Tyrosine-Protein Phosphatase Nonreceptor Type 11 (PTPN11), Fig. 3

Examples of physiological roles of SHP2. (a) During the development of central nervous system, SHP2 is required for self-renewing of neural stem cells and controlling cell-fate (SHP2 is known to increase neuron to astrocyte ratio). SHP2 deletion in neural stem cells impaired corticogenesis and cerebellar development. In the postmitotic forebrain neuron, SHP2 regulates synaptic plasticity and thereby controls locomotor activity and memory formation. (b) Hematoxylin-eosin staining of paraffin-embedded sections of the mid-colon from control (Ptpn11fl/fl) or intestinal epithelial cell-specific SHP2 CKO (Ptpn11fl/fl; villin-cre) mice at 3 weeks of age. Epithelial hyperplasia was relatively prominent, and transmural inflammation with crypt abscesses was occasionally observed in SHP2 CKO mice. Inflammatory infiltrates were also present in both the mucosa and submucosa. Scale bar, 100 μm. (c) SHP2 promotes production of absorptive enterocytes and goblet cells and protects against the development of colitis through activation of RAS

Pathological Roles of SHP2

PTPN11, which encodes human SHP2, was identified as the susceptibility gene for NS. Indeed, germline mutations of PTPN11 have been found to be present in ∼50% of cases of NS. NS is an autosomal dominant disorder with an estimated prevalence between 1/1000 and 1/2500 live births (Tartaglia et al. 2001; Tartaglia and Gelb 2005).
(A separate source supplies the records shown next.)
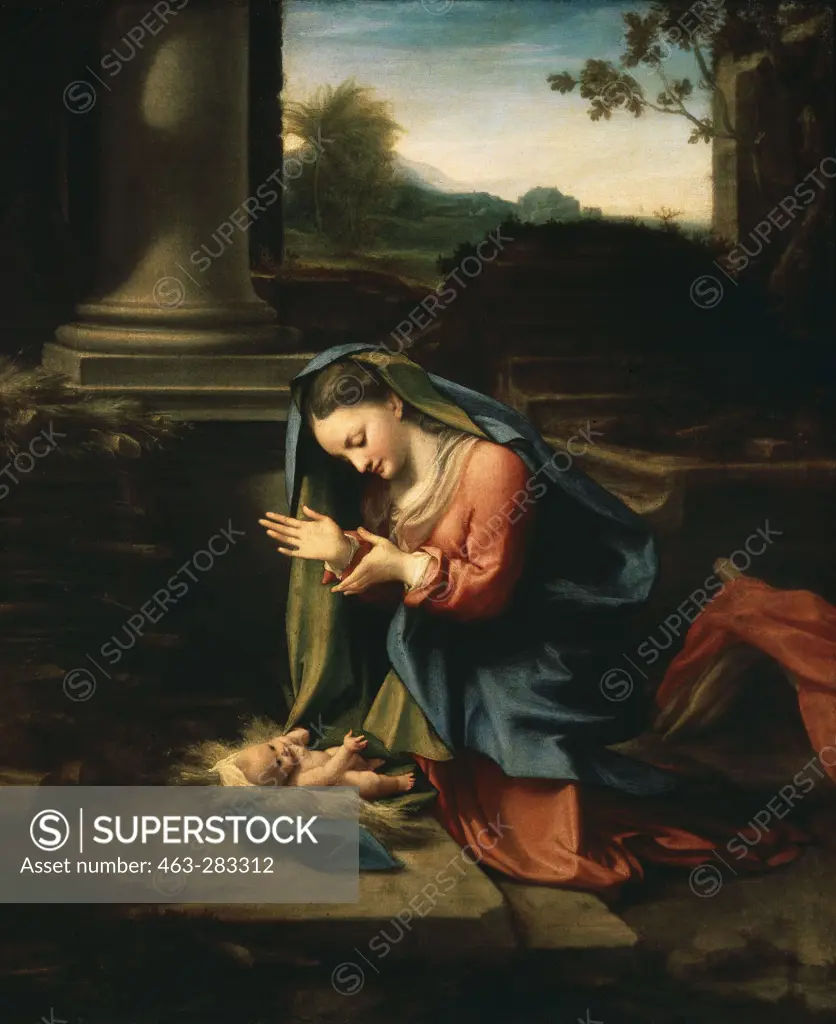 Correggio / Mary adoring Christ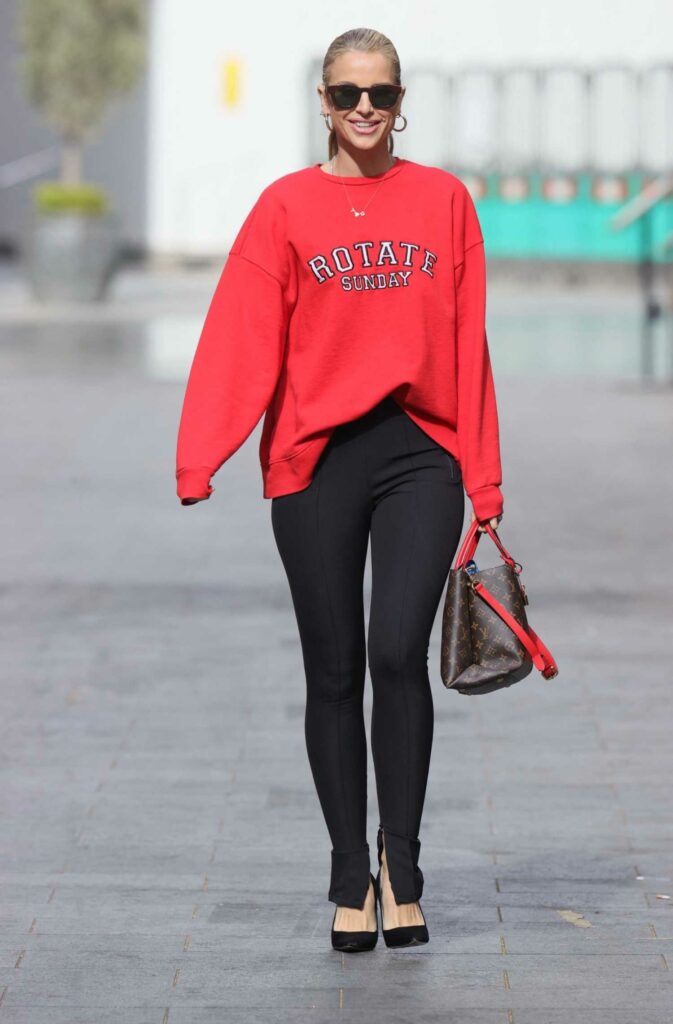 Vogue Williams in a Red Sweatshirt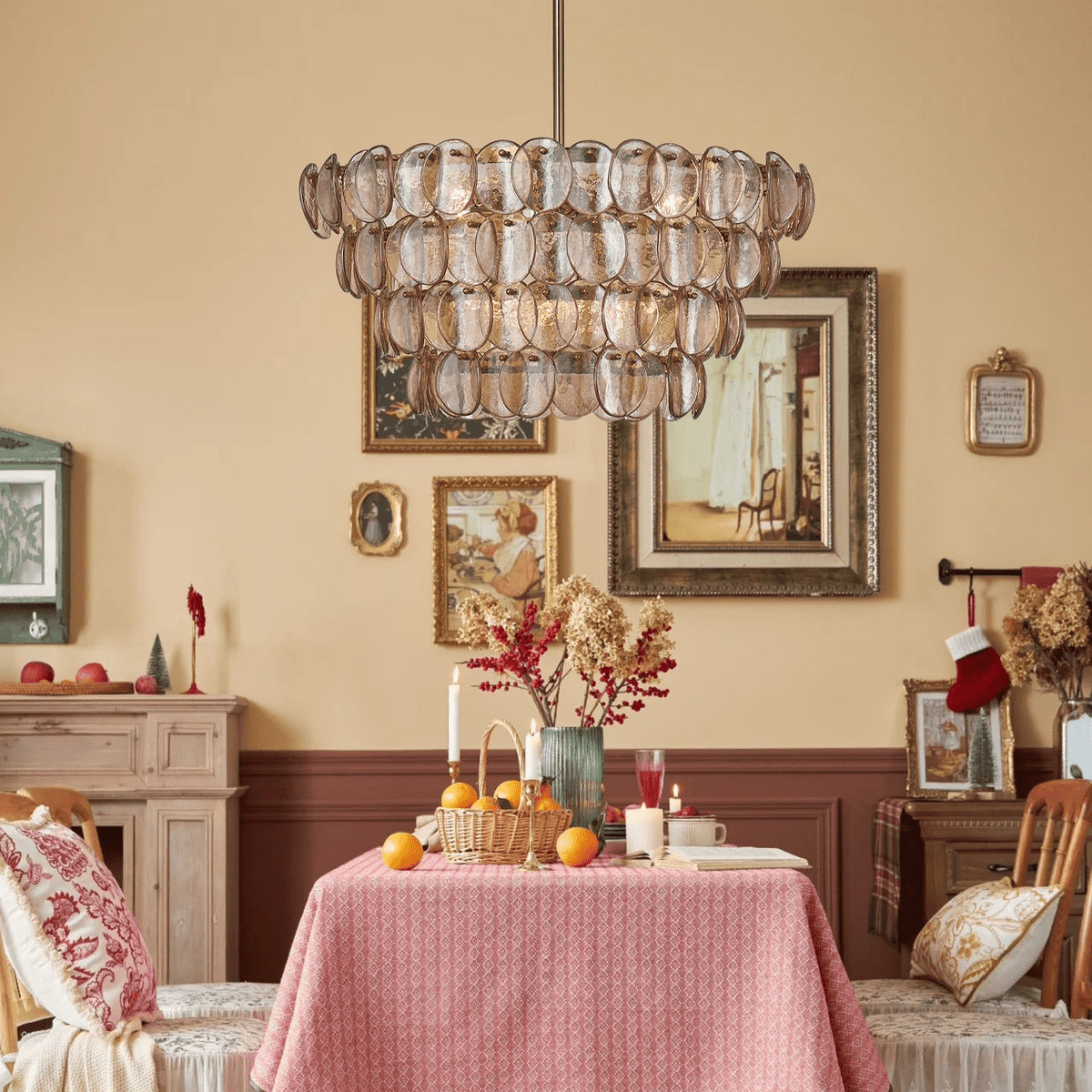 Lioroelle Chandelier Amber Glass Disc Fish Scale Brass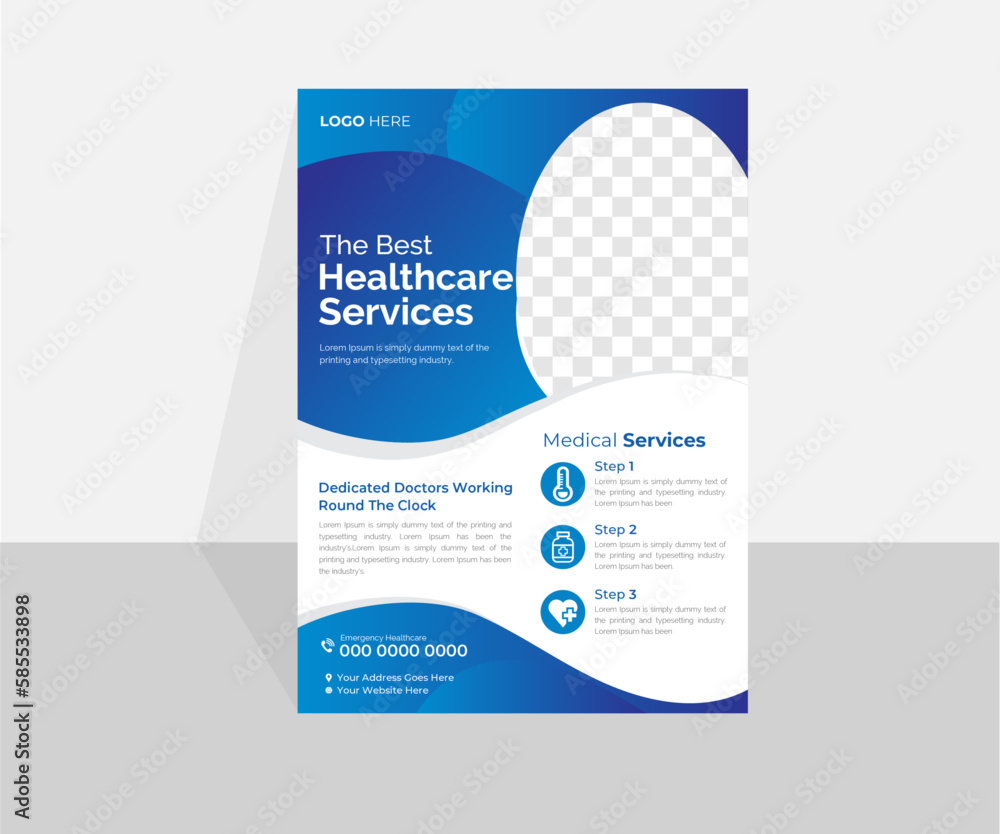 Creative healthcare and medical flyer or poster design layout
The main clinical features of NS include short stature, facial dysmorphia, and congenital cardiopathy. A small percentage of NS patients also develop two childhood leukemias, juvenile myelomonocytic leukemia (JMML) and acute lymphoblastic leukemia. Furthermore, in addition to the germline mutations of PTPN11, somatic mutations of PTPN11 were found in a substantial proportion of JMML patients without NS and in a small percentage of children with myelodysplastic syndrome, acute myeloid leukemia (AML), or B-precursor acute lymphoblastic leukemia. However, PTPN11 mutations appear to be rare in adult AML.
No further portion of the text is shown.